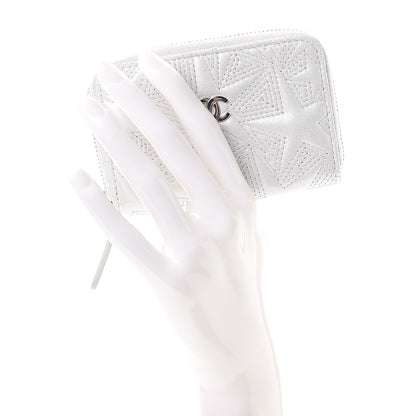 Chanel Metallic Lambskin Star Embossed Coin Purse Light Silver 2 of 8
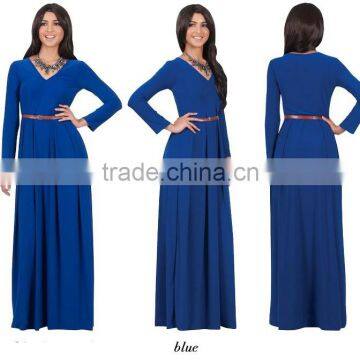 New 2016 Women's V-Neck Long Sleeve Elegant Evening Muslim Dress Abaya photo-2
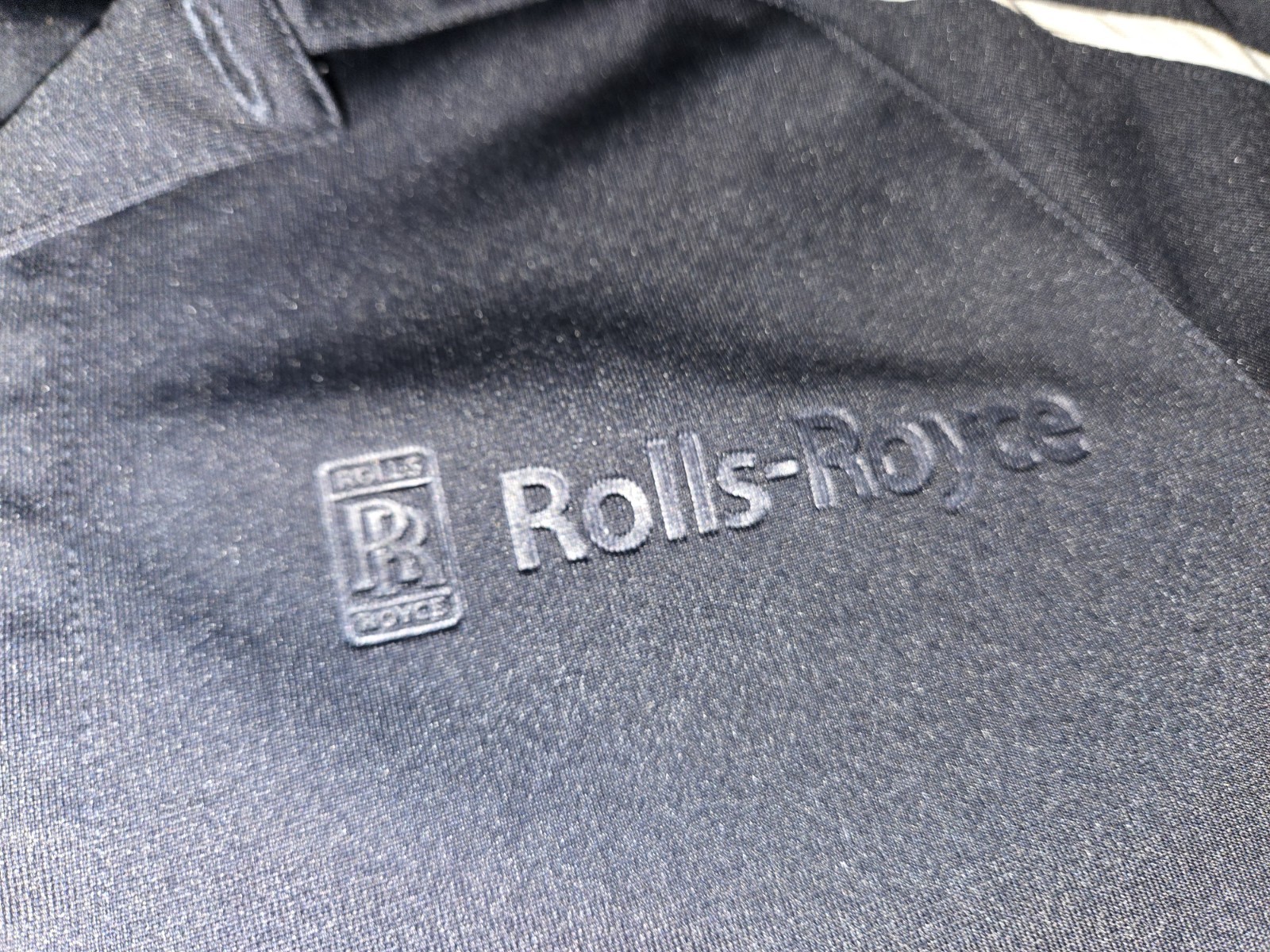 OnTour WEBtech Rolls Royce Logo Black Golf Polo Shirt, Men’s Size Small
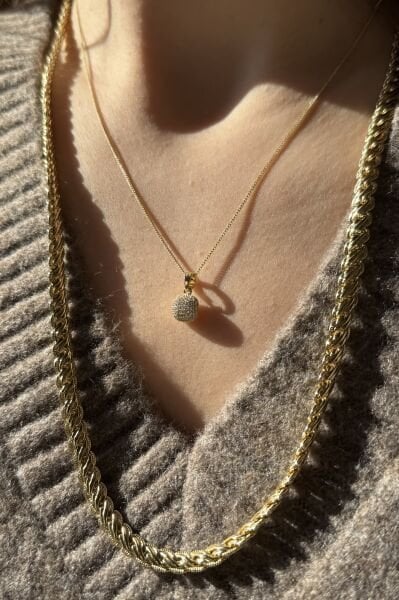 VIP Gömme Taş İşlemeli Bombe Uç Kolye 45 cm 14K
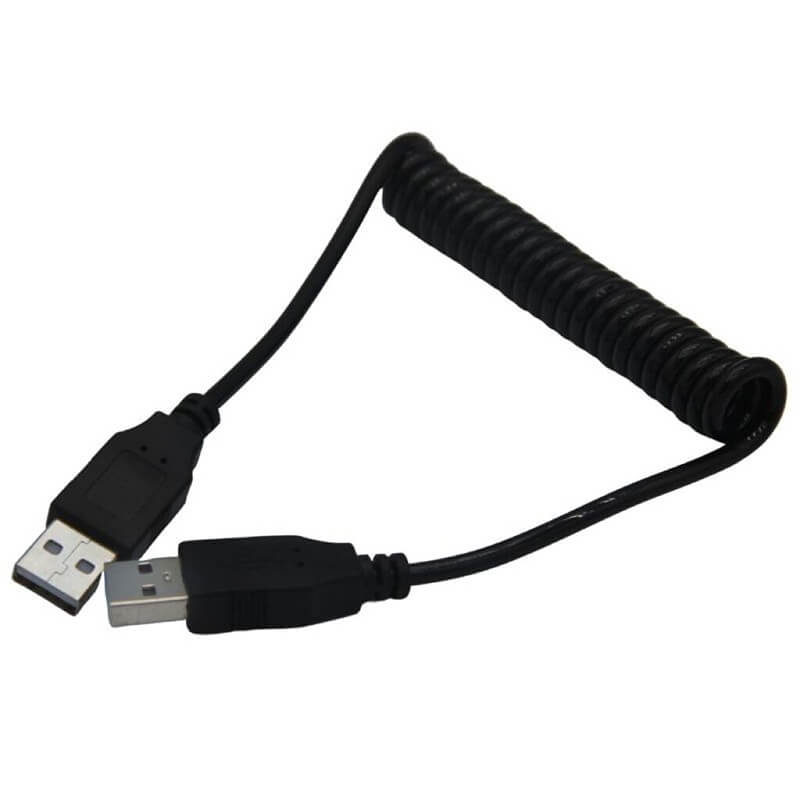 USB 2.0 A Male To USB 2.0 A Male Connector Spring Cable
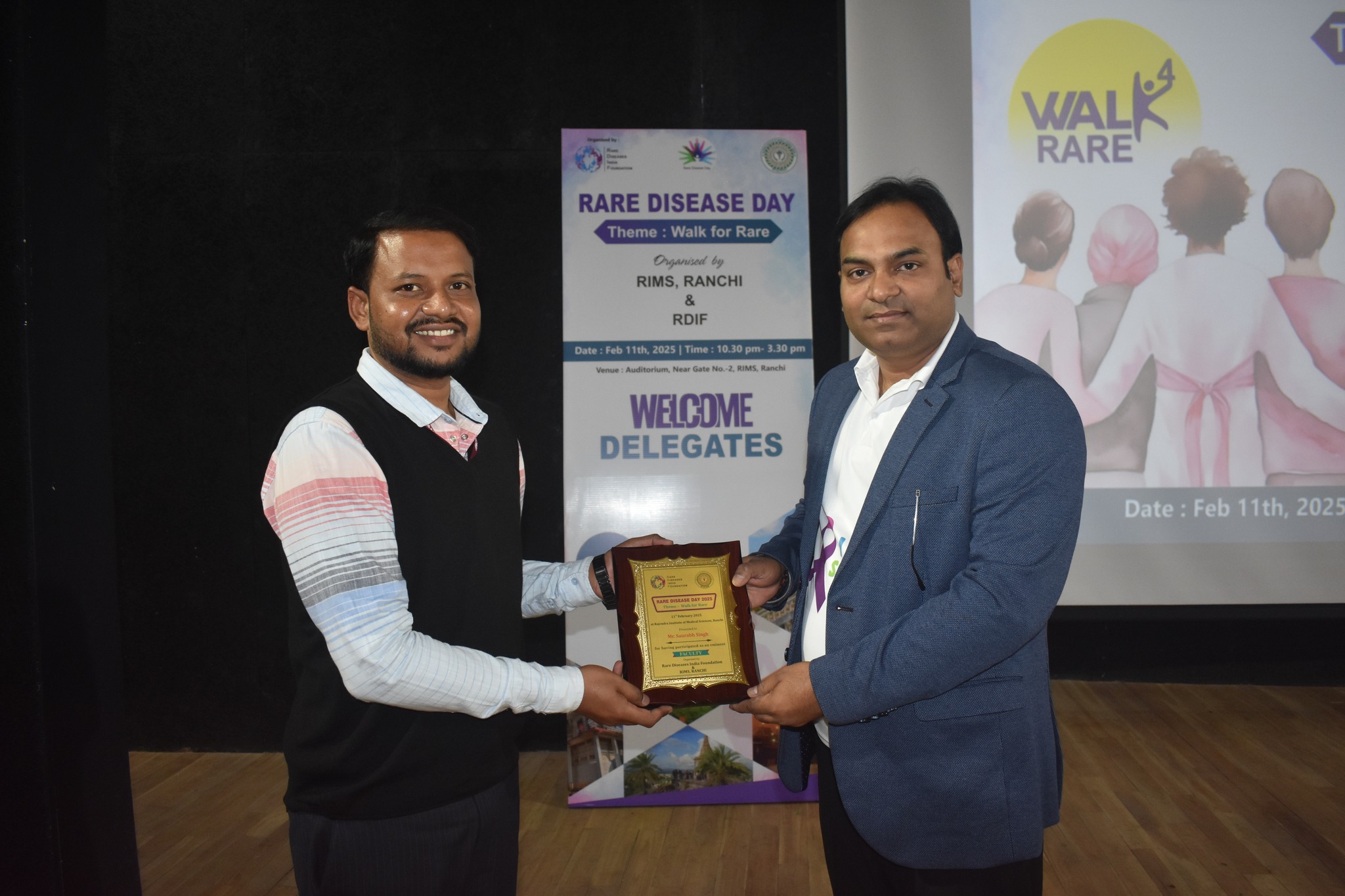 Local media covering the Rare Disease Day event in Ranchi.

* * *

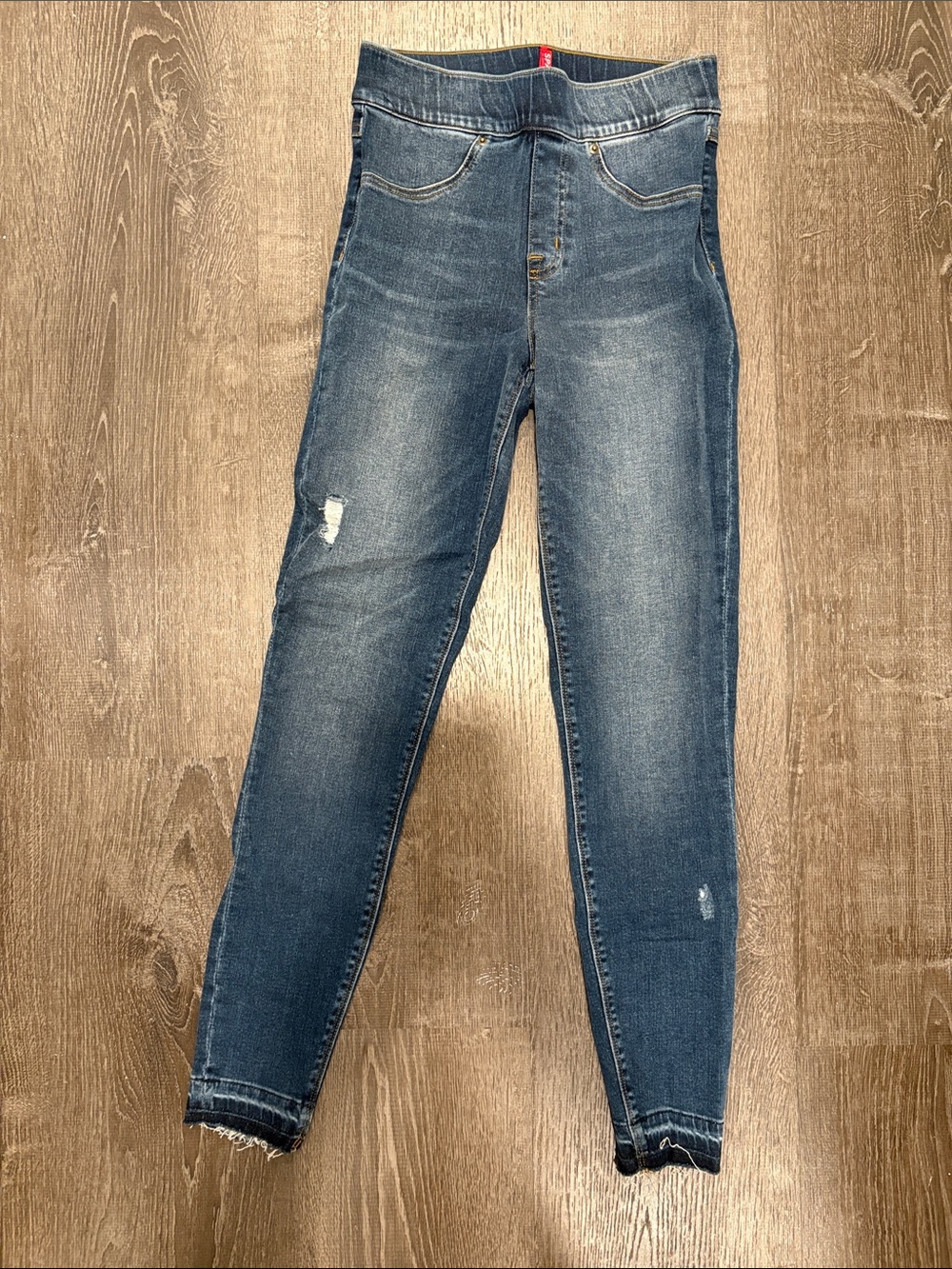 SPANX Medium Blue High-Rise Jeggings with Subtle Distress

==

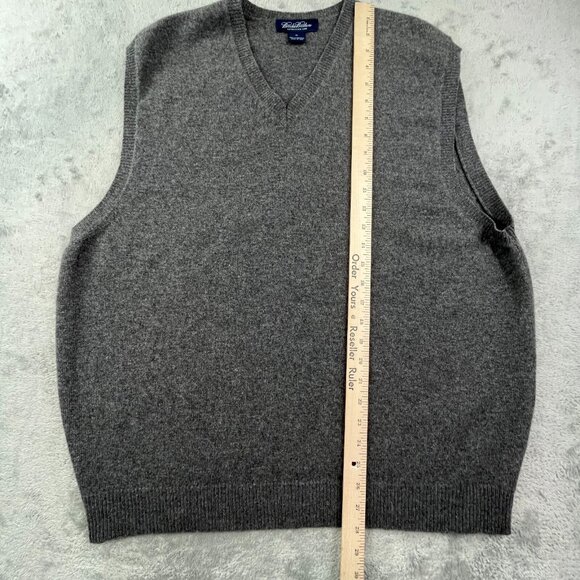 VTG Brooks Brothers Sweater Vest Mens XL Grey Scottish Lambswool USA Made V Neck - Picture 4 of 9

■ **REQUIRED WORK**:
Now transcribe the lines above exactly, starting at the line containing "Chanel Metallic Lambskin" and ending at the line containing "Local media covering", both lines included, pictures excluded.

■ **WORKED SOLUTION**:
 Chanel Metallic Lambskin Star Embossed Coin Purse Light Silver 2 of 8
 New 2016 Women's V-Neck Long Sleeve Elegant Evening Muslim Dress Abaya photo-2
 OnTour WEBtech Rolls Royce Logo Black Golf Polo Shirt, Men’s Size Small
 VIP Gömme Taş İşlemeli Bombe Uç Kolye 45 cm 14K
 USB 2.0 A Male To USB 2.0 A Male Connector Spring Cable
 Local media covering the Rare Disease Day event in Ranchi.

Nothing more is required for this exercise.